I’ve just been over at Pauline Baird Jones’s blog, where she wrote a post entitled You can go home again. It’s a fun read, that got me thinking.
Did I agree?
No. No, I don’t think you can. Going home – really going home – is time travel and we don’t yet have a time machine. Let me explain.
I returned to Perth, Western Australia, the city where I grew up, after an absence of eight years or so since my last visit. And much longer since I lived there. I left in 1996, not long after my mother died. In 2013 we were on a road trip around Australia that included a short visit to Perth. We’d been up in the north west, driving down the coast road from Geraldton into Perth. I wrote about that experience in a post I called the world has continued to turn.

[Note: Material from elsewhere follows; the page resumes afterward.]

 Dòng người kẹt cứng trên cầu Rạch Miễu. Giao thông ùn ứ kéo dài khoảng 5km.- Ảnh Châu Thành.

“Home” wasn’t the same place, and I wasn’t the same person. We visited the little cottage in Shenton Park where my family lived for a few years in the 1950’s. I was nearly eight when we moved to the other side of the river, to a new suburb. The memories I had of Shenton Park were those of a small child. As Pauline said, the streets looked smaller, the distances shorter, and time has slowed down over the years. That house south of the river where my mother lived for thirty years burnt down a couple of years after she died, so I can’t go there anymore. The neighbourhood has changed but I went to look at the primary school and wondered why I’d thought it was a long walk from home. The extensive bushland that surrounded the school is suburbia now. I used to walk along the sandy tracks looking for wild flowers in spring. And the pine plantation a little further away is gone, too. The river’s still there, of course. But it’s not easy to get to the little beach next to Canning Bridge where I whiled away many a hot summer day. I’ve heard, too, the sweet little river prawns we used to catch in drag nets on hot summer nights are gone, fished out. No, for me Perth is a different city to the one in my memory banks.

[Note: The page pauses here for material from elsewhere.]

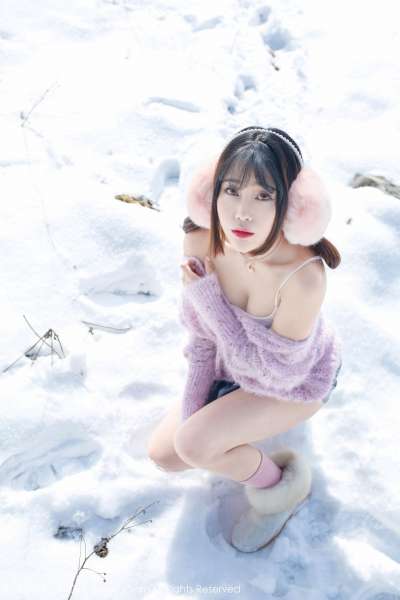 兜豆靓Youlina - 天雪地第二套长腿写真图片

Then there was Amsterdam. I left when I was four and I have few recollections of my childhood. Snapshot glimpses of a month-long sea journey. Rocking horses in the ship’s kiddy playground. Brief excursions into Port Said or Aden. Amsterdam? Just memories formed from faded black and white or sepia photographs. Me in the Oosterpark, a place I was taken to frequently. I returned to the city of my birth for the first time in 1990. It was fascinating, I loved it, but I had no feeling of being ‘home’. I’ve been back several times since, and that hasn’t changed. I’ve stood outside the flat where I was born and felt nothing – except maybe a recognition of how lucky I am to live in Australia. Amsterdam’s a great place to visit – but I wouldn’t want to live there.
How about you? Have you ever tried to go home?
By the way, one of those kids in that photo up top is me. Any takers on which one? I might give away a book.